As Home Sharing Increases In Popularity, Denver Cracks Down On Home Owners
Home sharing services have become very popular in Colorado, and local municipalities are paying attention. Between Feb. 20 – 24, more than 1,000 notices were mailed to Denver hosts for being in violation of a city ordinance. The ordinance, passed last June, require hosts to have short-term rental licenses and collect Denver’s 10.75 percent lodging tax.
Once hosts obtain a license, they must post it on their listing in order to avoid any fines. The license fee is $25, and the fines for failing to obtain a license can range from $150 to nearly $1,000.
Recipients of the notices have 14 days to respond.

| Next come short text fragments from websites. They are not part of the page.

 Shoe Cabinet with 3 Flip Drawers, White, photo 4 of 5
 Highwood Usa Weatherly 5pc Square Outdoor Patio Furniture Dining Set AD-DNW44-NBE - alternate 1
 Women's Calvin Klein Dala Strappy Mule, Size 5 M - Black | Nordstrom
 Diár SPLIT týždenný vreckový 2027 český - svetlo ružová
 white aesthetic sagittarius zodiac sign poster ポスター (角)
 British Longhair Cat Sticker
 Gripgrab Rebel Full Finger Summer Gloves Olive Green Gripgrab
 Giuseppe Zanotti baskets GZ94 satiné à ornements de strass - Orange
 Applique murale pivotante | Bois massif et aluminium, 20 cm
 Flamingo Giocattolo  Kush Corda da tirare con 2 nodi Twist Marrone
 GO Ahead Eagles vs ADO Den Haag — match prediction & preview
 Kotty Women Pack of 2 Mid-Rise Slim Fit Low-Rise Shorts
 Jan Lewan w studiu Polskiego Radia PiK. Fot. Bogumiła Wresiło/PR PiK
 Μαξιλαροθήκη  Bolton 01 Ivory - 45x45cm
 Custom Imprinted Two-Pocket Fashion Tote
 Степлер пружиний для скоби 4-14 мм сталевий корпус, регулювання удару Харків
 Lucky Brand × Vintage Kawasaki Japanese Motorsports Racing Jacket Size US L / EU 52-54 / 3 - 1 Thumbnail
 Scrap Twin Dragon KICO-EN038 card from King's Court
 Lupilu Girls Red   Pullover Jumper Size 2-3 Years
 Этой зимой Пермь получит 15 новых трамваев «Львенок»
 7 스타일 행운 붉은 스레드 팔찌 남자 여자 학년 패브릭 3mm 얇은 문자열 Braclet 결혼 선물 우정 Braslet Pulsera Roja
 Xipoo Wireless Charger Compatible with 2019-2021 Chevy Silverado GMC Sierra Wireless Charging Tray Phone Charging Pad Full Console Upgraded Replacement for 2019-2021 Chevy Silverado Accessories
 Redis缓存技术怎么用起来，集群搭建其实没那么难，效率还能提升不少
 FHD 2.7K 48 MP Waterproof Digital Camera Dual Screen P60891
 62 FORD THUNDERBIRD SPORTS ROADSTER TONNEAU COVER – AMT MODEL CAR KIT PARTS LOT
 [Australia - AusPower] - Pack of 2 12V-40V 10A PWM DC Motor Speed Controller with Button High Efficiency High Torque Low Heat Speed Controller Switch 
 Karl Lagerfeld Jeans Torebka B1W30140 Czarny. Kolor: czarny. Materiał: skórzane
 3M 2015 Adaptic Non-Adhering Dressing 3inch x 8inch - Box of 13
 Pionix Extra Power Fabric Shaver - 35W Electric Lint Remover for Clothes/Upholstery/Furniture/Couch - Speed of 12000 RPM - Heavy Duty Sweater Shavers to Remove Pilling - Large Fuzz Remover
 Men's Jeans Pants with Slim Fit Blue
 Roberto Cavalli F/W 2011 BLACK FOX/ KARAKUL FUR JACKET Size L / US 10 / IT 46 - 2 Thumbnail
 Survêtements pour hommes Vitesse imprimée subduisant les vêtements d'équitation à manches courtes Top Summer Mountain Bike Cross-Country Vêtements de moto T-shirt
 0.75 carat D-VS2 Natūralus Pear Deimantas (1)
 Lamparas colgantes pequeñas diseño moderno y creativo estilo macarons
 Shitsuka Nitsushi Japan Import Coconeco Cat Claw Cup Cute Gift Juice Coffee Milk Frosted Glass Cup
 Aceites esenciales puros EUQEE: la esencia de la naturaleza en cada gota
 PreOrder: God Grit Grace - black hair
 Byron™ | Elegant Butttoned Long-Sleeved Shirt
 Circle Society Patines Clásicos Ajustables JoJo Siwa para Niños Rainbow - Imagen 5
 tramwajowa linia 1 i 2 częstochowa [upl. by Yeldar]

Home sharing services such as Airbnb and HomeAway allow homeowners to rent out rooms -- or even their entire homes -- to people. Usually, these are short-term rentals taken out for a vacation in lieu of more traditional options such as a hotel or cabin.
According to statistics from Airbnb, Denver is the most active host city in Colorado. Number two on the list is Boulder, which saw a nearly 90 percent increase of users and renters over the previous year and represented more business than the rest of Boulder County combined.
Airbnb has become a significant source of income for many Boulder County residents, with seven communities reporting nearly $14 million in revenue in the past year.